Bitcoin ETFs Experience Strong Inflows

Bitcoin ETFs had an impressive week with significant net inflows surpassing $2.2 billion from Feb. 12–16, outpacing inflows received by any other among the 3,400 ETFs available in the United States, according to Bloomberg analyst Eric Balchunas.

BlackRock’s iShares Bitcoin Trust Leads Inflows with Fidelity and Ark Bitcoin ETFs See Significant Inflows

BlackRock’s iShares Bitcoin Trust (IBIT) dominated the scene, attracting positive flows of $1.6 billion over the week, according to data from BitMEX Research. Notably, $IBIT alone has taken in $5.2 billion year-to-date, representing 50% of BlackRock’s total net ETF flows out of 417 ETFs.

Fidelity’s Wise Origin Bitcoin Fund saw substantial inflows, attracting $648.5 million over the last five trading sessions. Similarly, the Ark 21Shares Bitcoin ETF garnered $405 million, while the Bitwise Bitcoin ETF pulled $232.1 million in capital inflows during the same period.

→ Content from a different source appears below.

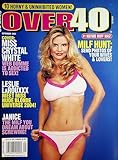 Over 40 Men's Magazine Cover Girl Miss Crystal White September 2005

However, the Grayscale Bitcoin Trust witnessed outflows, hampering the overall performance of the newly approved spot Bitcoin ETFs. The fund experienced $624 million in withdrawals from Feb. 12–16, continuing the trend of investor sell-offs. Since its conversion to a spot ETF on Jan. 10, Grayscale’s fund has seen over $7 billion in capital outflows.

Major banks and financial institutions are also paying attention to the new ETFs. In a Feb. 14 letter, a trade group coalition representing Wall Street’s biggest firms urged the SEC to consider modifications to the Staff Accounting Bulletin 121, aiming to allow banks to act as custodians of BTC funds.

Impact on Bitcoin’s Price

The approval of spot Bitcoin ETFs by the U.S. Securities and Exchange Commission (SEC) on Jan. 10 is believed to be one of the driving factors behind Bitcoin’s recent price gains. The cryptocurrency has surged 91% in the past four months, reflecting positive market sentiment.

During the week, Bitcoin gained nearly 7%, reaching $51,434 at the time of writing and showing a 24% increase in February.